▶ [ABOUT THIS TASK] The records are to be copied word for word, and the pictures dropped.
=== Begin Enclosure ===
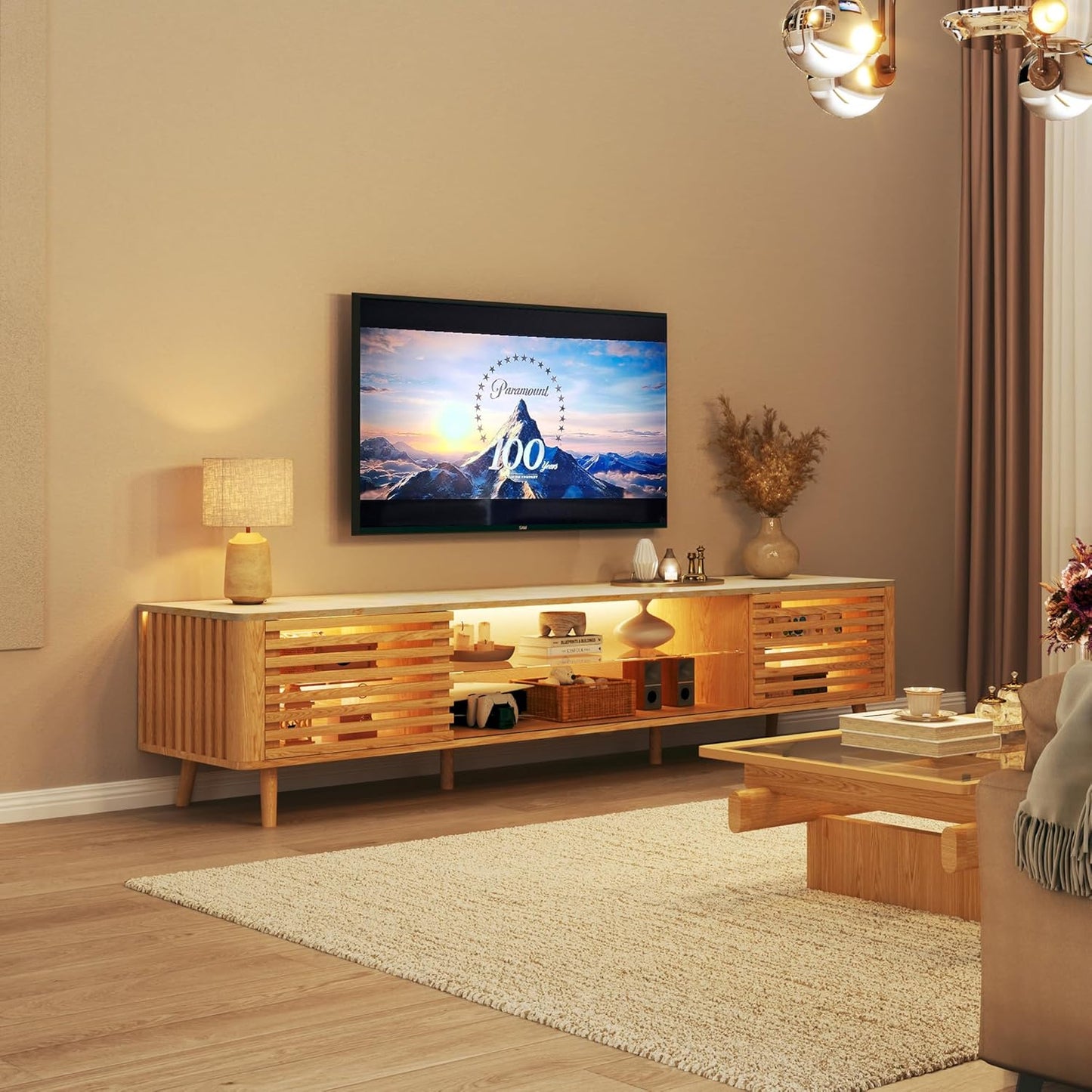 70" TV Stand for 55/65/75 Inch TV, Faux Marble Top Entertainment Center with Slatied Sliding Door & LED Lights, Mid Century Modern Style, Low TV Console with Glass Shelves for Bedroom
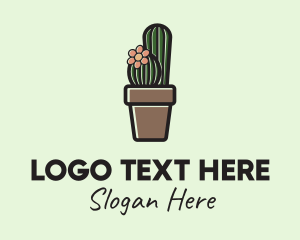 Flower Shop - Cactus Flower Pot logo design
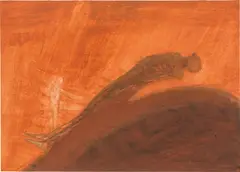 Walter Pichler, Luft im Rücken, 1983, mixed media on paper; framed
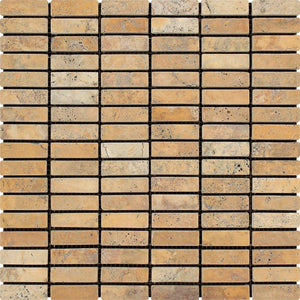 5/8 x 2 Tumbled Gold Travertine Single-Strip Mosaic Tile.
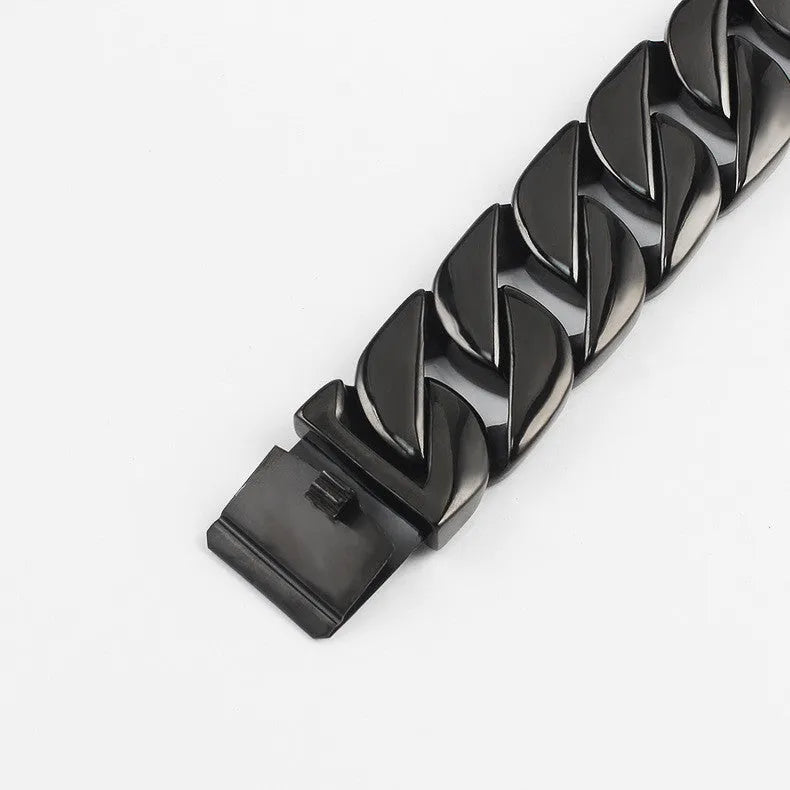 Stainless steel dog collar chain with electroplated finish for large bully pets, available in multiple sizes from 30 to 75 cm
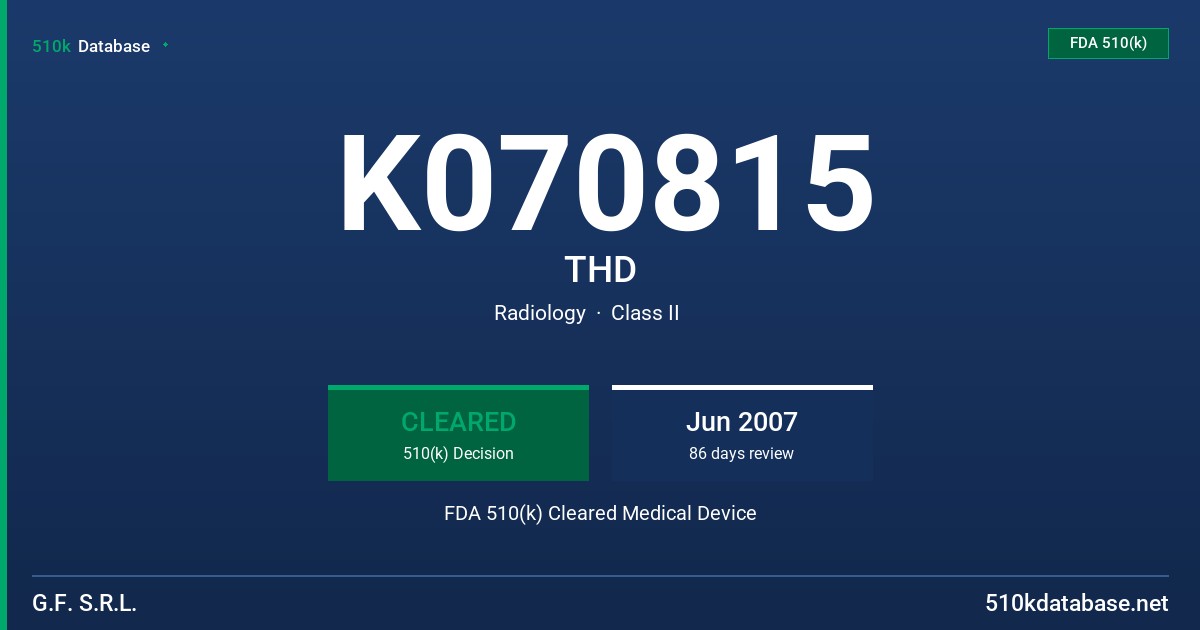K070815 THD FDA 510(k) Cleared Medical Device
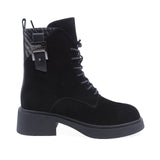 Ghete Dama Casual Anna Viotti Piele Intoarsa D105-1601R-LV2180-TL-03-Z317-NT-01 Negru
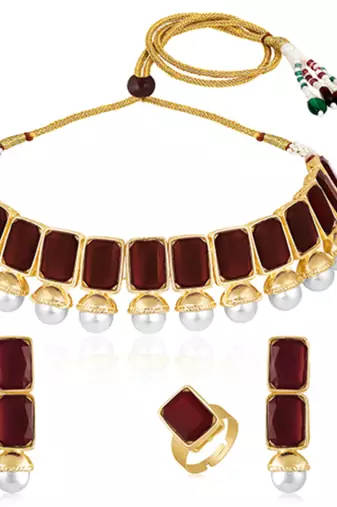 Maroon synthetic stone & pearl studded necklace earrings maangtikka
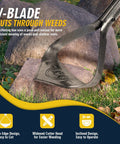 Close-up of Workhorse Triangle Garden Hoe with V-blade cutting through weeds, demonstrating its oscillating motion for efficient weeding.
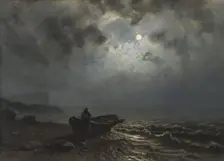 Moonlight on the Norwegian Coast, 1876. Creator: Knud Baade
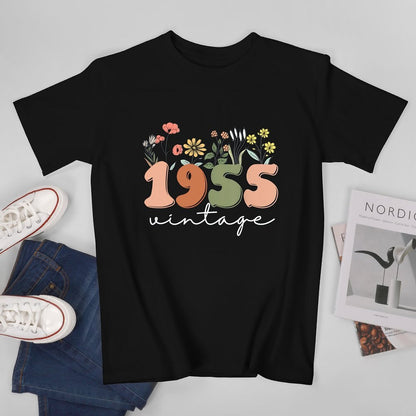 Inkmay Casual  Cotton T-shirt Floral Design With Numbers And Text Unisex T-shirtUrban Sleek T-Shirt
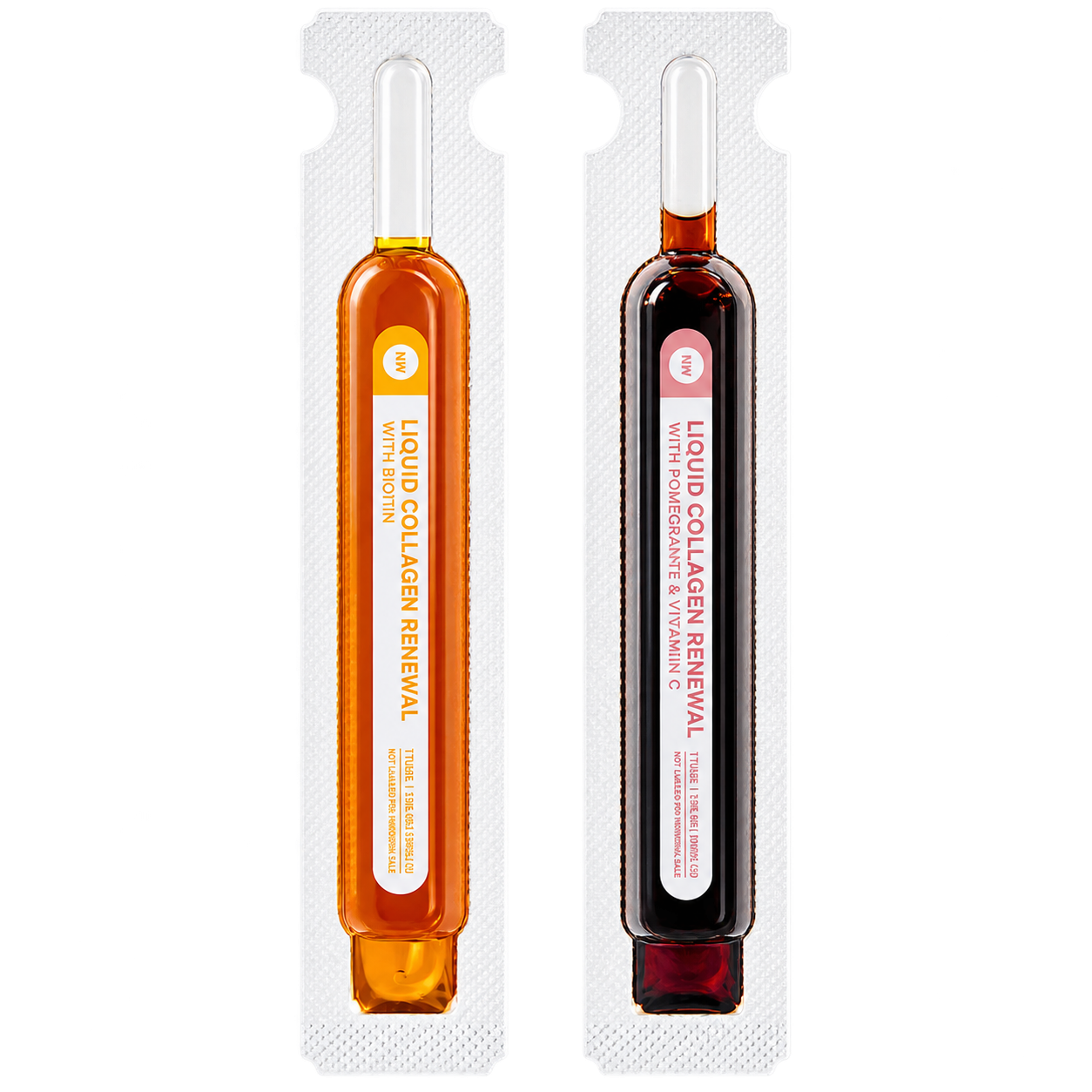 Two single-use liquid collagen ampoules in individual clear plastic packaging on a white background. The left ampoule contains an amber-colored liquid with a white label, and the right ampoule contains a dark reddish-brown liquid with a pink label.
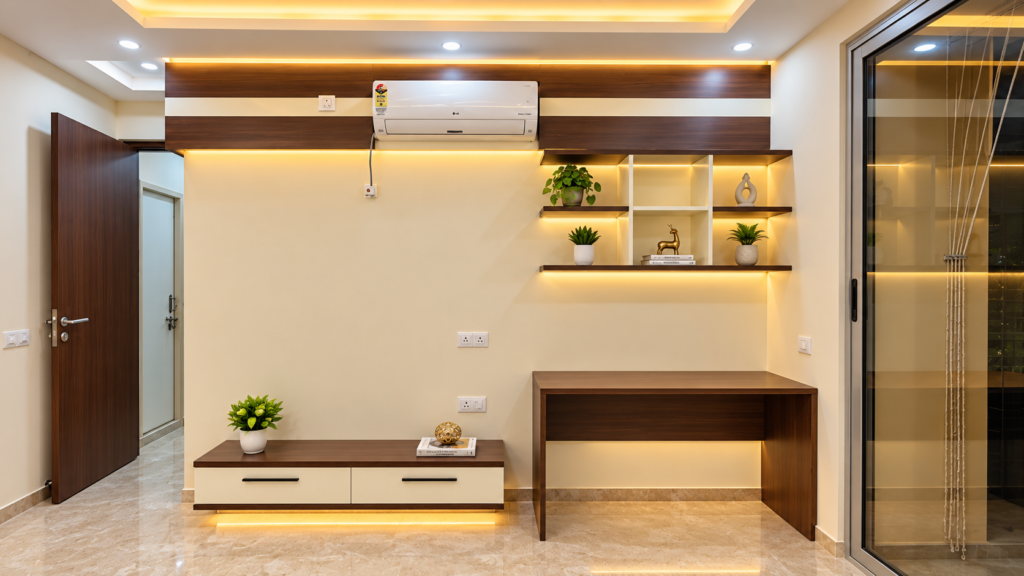 Hiranandani Hulimavu 3BHK TV study table and storage unit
=== End Enclosure ===
▶ [WRITTEN SOLUTION]
 70" TV Stand for 55/65/75 Inch TV, Faux Marble Top Entertainment Center with Slatied Sliding Door & LED Lights, Mid Century Modern Style, Low TV Console with Glass Shelves for Bedroom
 Flower Shop - Cactus Flower Pot logo design
 Walter Pichler, Luft im Rücken, 1983, mixed media on paper; framed
 5/8 x 2 Tumbled Gold Travertine Single-Strip Mosaic Tile.
 Stainless steel dog collar chain with electroplated finish for large bully pets, available in multiple sizes from 30 to 75 cm
K070815 THD FDA 510(k) Cleared Medical Device
 Ghete Dama Casual Anna Viotti Piele Intoarsa D105-1601R-LV2180-TL-03-Z317-NT-01 Negru
 Maroon synthetic stone & pearl studded necklace earrings maangtikka
 Close-up of Workhorse Triangle Garden Hoe with V-blade cutting through weeds, demonstrating its oscillating motion for efficient weeding.
 Moonlight on the Norwegian Coast, 1876. Creator: Knud Baade
 Inkmay Casual  Cotton T-shirt Floral Design With Numbers And Text Unisex T-shirtUrban Sleek T-Shirt
 Two single-use liquid collagen ampoules in individual clear plastic packaging on a white background. The left ampoule contains an amber-colored liquid with a white label, and the right ampoule contains a dark reddish-brown liquid with a pink label.
 Hiranandani Hulimavu 3BHK TV study table and storage unit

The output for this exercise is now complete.